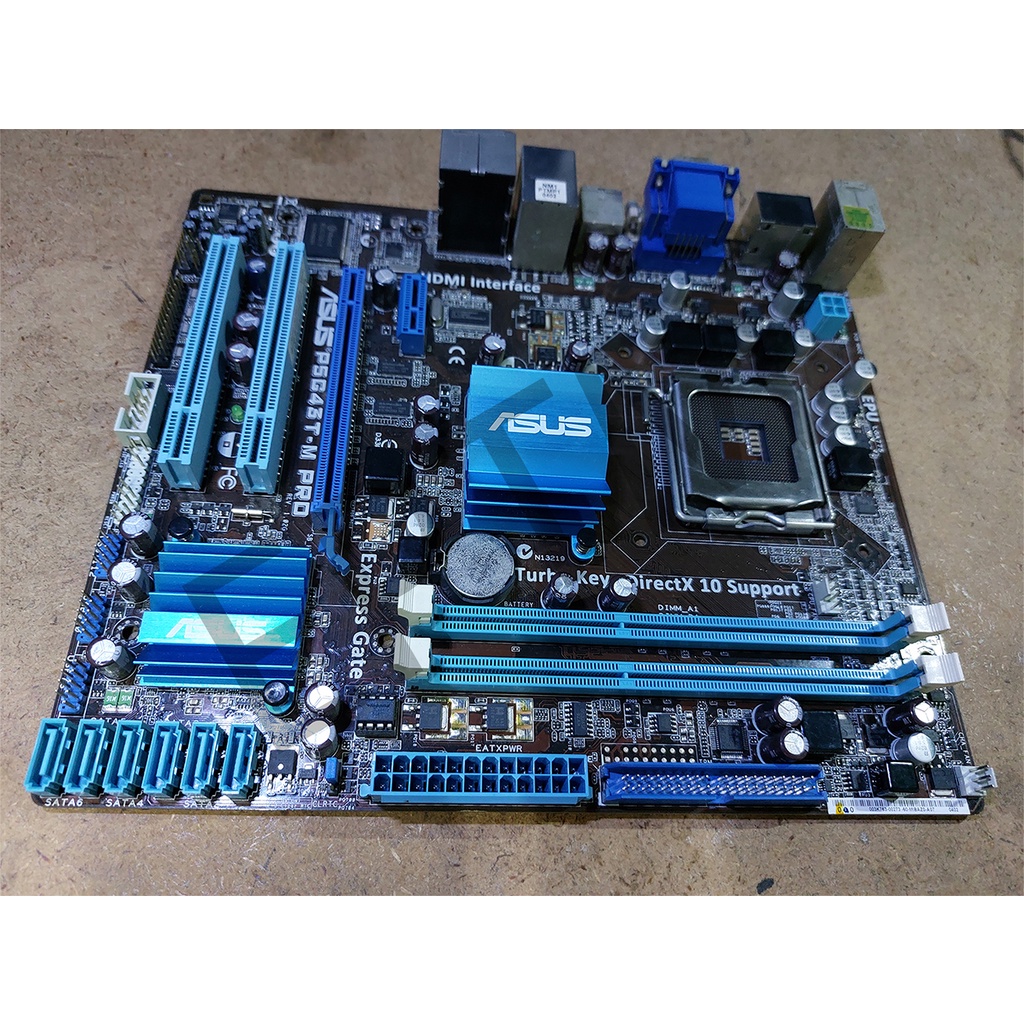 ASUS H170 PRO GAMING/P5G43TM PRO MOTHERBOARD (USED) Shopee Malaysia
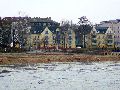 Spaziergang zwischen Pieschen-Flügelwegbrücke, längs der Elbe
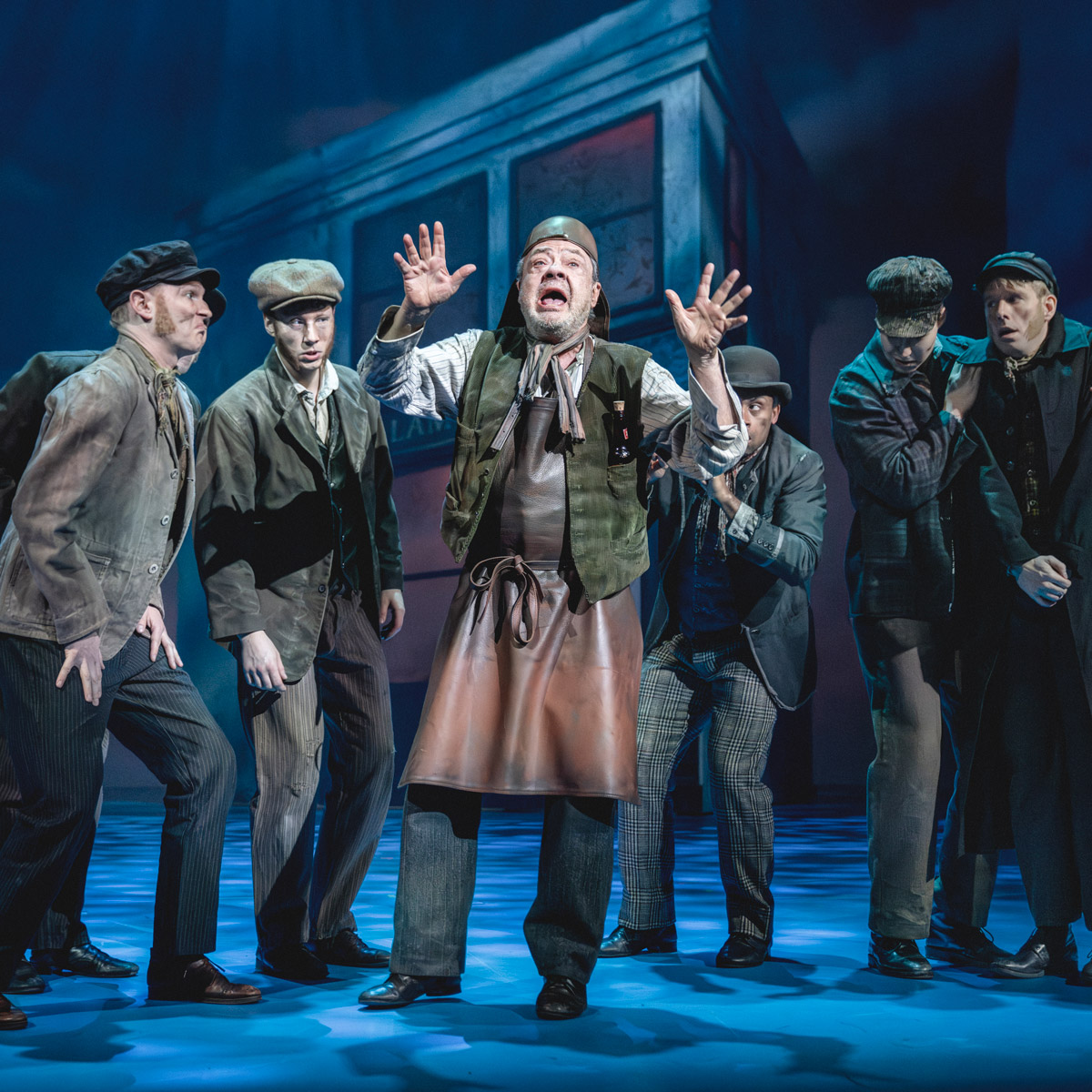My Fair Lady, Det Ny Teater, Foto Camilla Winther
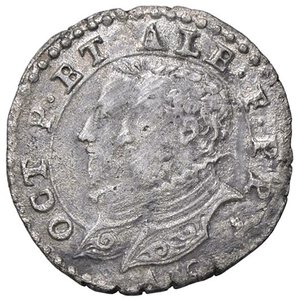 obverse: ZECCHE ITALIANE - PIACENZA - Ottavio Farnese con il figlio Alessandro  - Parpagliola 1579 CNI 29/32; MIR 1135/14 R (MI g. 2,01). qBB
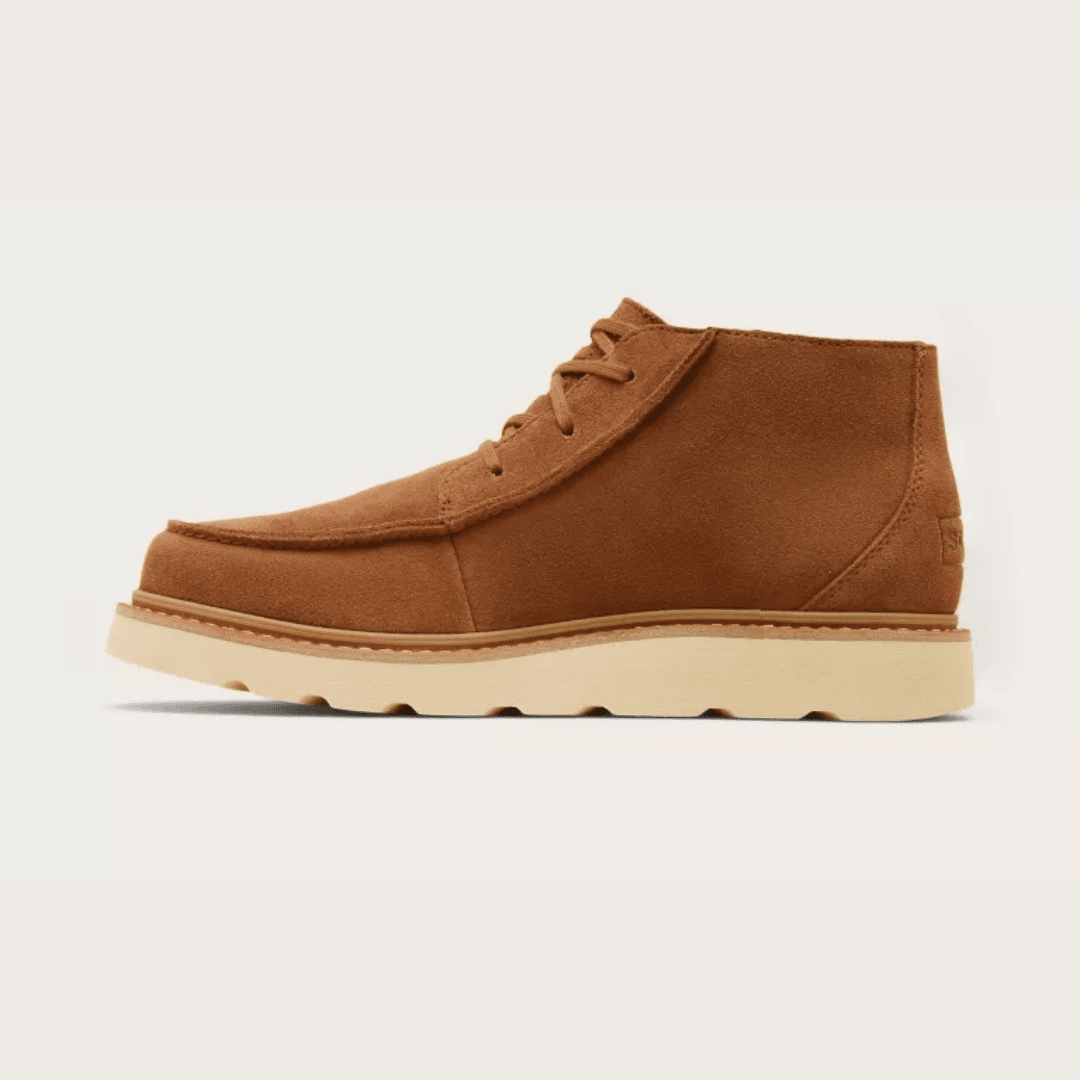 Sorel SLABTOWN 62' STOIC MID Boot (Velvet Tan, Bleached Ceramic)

********************

**Exercise prompt:**
Every line in the records is to be retyped exactly as it stands; the pictures stay out.

**Task answer:**
 ASUS H170 PRO GAMING/P5G43TM PRO MOTHERBOARD (USED) Shopee Malaysia
 Spaziergang zwischen Pieschen-Flügelwegbrücke, längs der Elbe
My Fair Lady, Det Ny Teater, Foto Camilla Winther
 obverse: ZECCHE ITALIANE - PIACENZA - Ottavio Farnese con il figlio Alessandro  - Parpagliola 1579 CNI 29/32; MIR 1135/14 R (MI g. 2,01). qBB
 Sorel SLABTOWN 62' STOIC MID Boot (Velvet Tan, Bleached Ceramic)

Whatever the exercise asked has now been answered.